Il faudrait aussi être attentif à l’urbanisme, au logement. Messieurs Guéant, Hortefeux et Besson ne s’intéressent qu’aux conséquences, jamais aux causes. Il existe des causes objectives de délinquance. Il est pédant de le rappeler, mais Hugo disait : « Construire une école, c’est fermer une prison. » Comment peut-on laisser vivre deux familles avec cinq ou six enfants dans 50 m2 ? Comment veut-on que les gosses, après l’école, fassent correctement leurs devoirs ? Ils se mettent forcément à déconner. Est-ce qu’on y a pensé ? On devrait le faire plus humainement, plus intelligemment.

Vous n’avez rien perdu de vos colères…

On fait tout à l’envers en ce moment. On a supprimé le bouclier fiscal, mais il faudrait remonter aux cadeaux qui ont été faits aux ultrariches. Sur scène, je cite Albert Einstein : « On ne peut pas demander à ceux qui ont créé les problèmes de les résoudre. » Cela convient exactement à Sarkozy et aux siens. Depuis le Fouquet’s et le yacht de Bolloré, ils ont inventé des comportements infects. Tout n’est pas dû au seul Sarkozy, certes, ni même aux siens. C’est le système de marché, le capitalisme, pour dire les choses. Là, le capitalisme en prend un coup. Mais il est plus facile de faire tomber le mur de Berlin que celui de Wall Street ! On fait des cadeaux aux banques…

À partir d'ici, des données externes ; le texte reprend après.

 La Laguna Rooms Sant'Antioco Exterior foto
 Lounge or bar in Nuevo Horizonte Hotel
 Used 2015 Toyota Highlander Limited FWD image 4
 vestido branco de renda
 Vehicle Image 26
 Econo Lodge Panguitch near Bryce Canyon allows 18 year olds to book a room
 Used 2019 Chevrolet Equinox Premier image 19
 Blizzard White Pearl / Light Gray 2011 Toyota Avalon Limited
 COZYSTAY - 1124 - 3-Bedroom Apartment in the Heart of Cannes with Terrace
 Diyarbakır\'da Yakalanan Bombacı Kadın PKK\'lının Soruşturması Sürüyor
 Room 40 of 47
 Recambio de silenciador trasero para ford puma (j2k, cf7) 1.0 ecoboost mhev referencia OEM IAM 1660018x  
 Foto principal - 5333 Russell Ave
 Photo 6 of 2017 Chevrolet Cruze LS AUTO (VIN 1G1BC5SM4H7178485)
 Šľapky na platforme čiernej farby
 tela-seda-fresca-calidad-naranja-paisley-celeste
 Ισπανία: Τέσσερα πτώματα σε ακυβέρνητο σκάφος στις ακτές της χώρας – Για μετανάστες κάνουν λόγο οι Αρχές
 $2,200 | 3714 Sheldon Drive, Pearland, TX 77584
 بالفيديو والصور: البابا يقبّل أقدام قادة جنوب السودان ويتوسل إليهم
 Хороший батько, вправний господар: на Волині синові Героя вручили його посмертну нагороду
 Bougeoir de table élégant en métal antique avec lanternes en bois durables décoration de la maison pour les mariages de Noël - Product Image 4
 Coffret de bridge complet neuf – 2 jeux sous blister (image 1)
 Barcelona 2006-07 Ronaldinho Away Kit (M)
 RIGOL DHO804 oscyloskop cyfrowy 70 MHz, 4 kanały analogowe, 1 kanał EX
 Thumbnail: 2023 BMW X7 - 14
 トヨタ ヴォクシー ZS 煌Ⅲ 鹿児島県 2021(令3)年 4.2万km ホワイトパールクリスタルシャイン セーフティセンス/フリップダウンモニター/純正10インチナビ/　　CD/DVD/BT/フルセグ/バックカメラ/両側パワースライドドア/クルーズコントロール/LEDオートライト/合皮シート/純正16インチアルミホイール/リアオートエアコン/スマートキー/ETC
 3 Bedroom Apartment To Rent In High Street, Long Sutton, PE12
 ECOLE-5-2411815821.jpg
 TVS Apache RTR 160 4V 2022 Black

Je ne suis pas économiste, ce sont des questions très complexes, je m’y perds facilement dans ces histoires de pognon, il faut savoir suivre, mais ce qui ne m’a pas échappé, c’est qu’on s’attaque aux petits et non aux gros. D’une certaine manière, on est quasiment dans une situation ­prérévolutionnaire. Le peuple a faim et Marie-Antoinette répond qu’on lui donne de la brioche ! On en est là.

Que vous inspirent le livre de Stéphane Hessel et le mouvement des Indignés ?

Il paraît que j’aide des gens à vieillir. Je peux dire que Stéphane Hessel m’aide à vieillir ! Avoir 93 ans et être tel qu’il est, dans la vivacité, le partage, c’est extraordinaire. Il y a maintenant des indignés, un peu partout dans le monde, à part en France. Ils sont sur Facebook ! Mais si Sarkozy reste en mai, à mon avis, ça va bouger. Et je serai dans la rue avec les autres, personnellement.

Comment voyez-vous la présidentielle ?

Si l’on en croit les sondages, et surtout si la gauche veut bien faire l’union de la gauche, elle a toutes ses chances. Hollande et Mélenchon, que j’aime beaucoup, sont tous deux un peu nostalgiques de Mitterrand, lequel avait quelques qualités et pas seulement des défauts, et il a réussi cette union. Ce qui est sûr, c’est que Sarkozy s’est déconsidéré à vie, politiquement, humainement, intellectuellement.